The government acknowledged rapidly rising energy bills will cause “challenges” for Britons after several Conservative politicians wrote to the prime minister, urging him to scrap taxes on them.
The letter, published in the Sunday Telegraph and signed by 20 politicians including work and pensions secretary Esther McVey, urges Mr Johnson and Chancellor Rishi Sunak to help consumers facing “fuel poverty” as gas and electricity payments continue to rocket.
They argue that the UK is causing energy prices to increase faster than any other comparable country due to “taxation and environmental levies”.
“We hardly need to point out that high energy prices, whether for domestic heating or for domestic transport, are felt most painfully by the lowest paid,” the letter states.
Health minister Ed Argar said the government has put in “a whole range of measures” including the Warm Home Discount, the Household Support fund and changes to the Universal Credit taper to help protect poorer families and pensioners from rising costs.
He told Times Radio that the economy is “bouncing back” after a challenging two years.
“We’re seeing a large number of job vacancies, so the economy is bouncing back, but equally we do recognise the challenges people face with household bills and with the cost of living,” he said.
“There’s a whole range of measures we are putting in, targeted measures, to help support people with the cost of living and those key household bills.”
The letter argues that removing VAT on energy bills and environmental levies which fund renewable energy schemes could save the average household £200 on their energy bill.
Others to sign the letter include Craig Mackinlay, chairman of the Net Zero Scrutiny Group of Conservative MPs, Robert Halfon and Steve Baker.
Adam Scorer, chief executive of fuel poverty charity National Energy Action said rising prices will be “pretty catastrophic for millions of households”, to which the Government has not given a “proportionate or significant response”.
Speaking on Sky News, Mr Scorer said in the short term the Government must make the poorest people exempt from paying increased prices, and better insulate homes as “the most important” long-term solution.
Conservative Mr Halfon said the government is not to blame for energy price hikes but insisted more decisive measures are needed.
“I have huge worries about the rise in energy costs for hard-working people across the country and they’re going to rise even more,” he told BBC Breakfast.
“This is not the government’s fault, this is because of the international price of energy, and I strongly believe, that given the price cap is going to go up this year in the spring, that the Government should look at other measures.”
The current cap for the average household is £1,277 a year.
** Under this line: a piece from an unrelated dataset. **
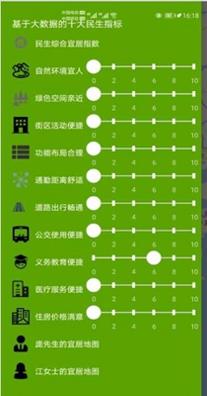 我的宜居地图 1.0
The Tony Blair Institute for Global Change, estimates it could rise to almost £1,800 in April.
"For people who are switching from what were cheap fixed-price deals, which expire and go onto the price cap, they might be seeing a rise of between £700 and £900," said Tim Lord, senior fellow at the Tony Blair Institute.
Octopus Energy chief executive Greg Jackson said providers must work together to “privately finance” solutions and the Government must put a “mechanism in place that (every provider) has to participate in”.
He added that investing in renewable energy infrastructure would decrease bills in the future.
“The more renewables we build, the better the payback for that societal investment,” Mr Jackson told Times Radio.
“We really are on the cusp of energy bills falling every year. It sounds crazy because of where we are today.
“We need really strong action in the short term to bring current bills down to make energy manageable, and at the same time with urgency start building these future systems so it can’t go back up again.”
Households are expected to see a severe hike in the cost of their energy in April as suppliers are due to increase prices in line with these costs.
More than two dozen energy suppliers have also gone bust since the start of September, putting thousands of people out of work and leaving millions of homes in limbo as they wait for a new supplier.
Providers including Good Energy, EDF and trade body Energy UK have also urged the government to intervene, after the cost of gas in wholesale markets rose by more than 500% in less than a year.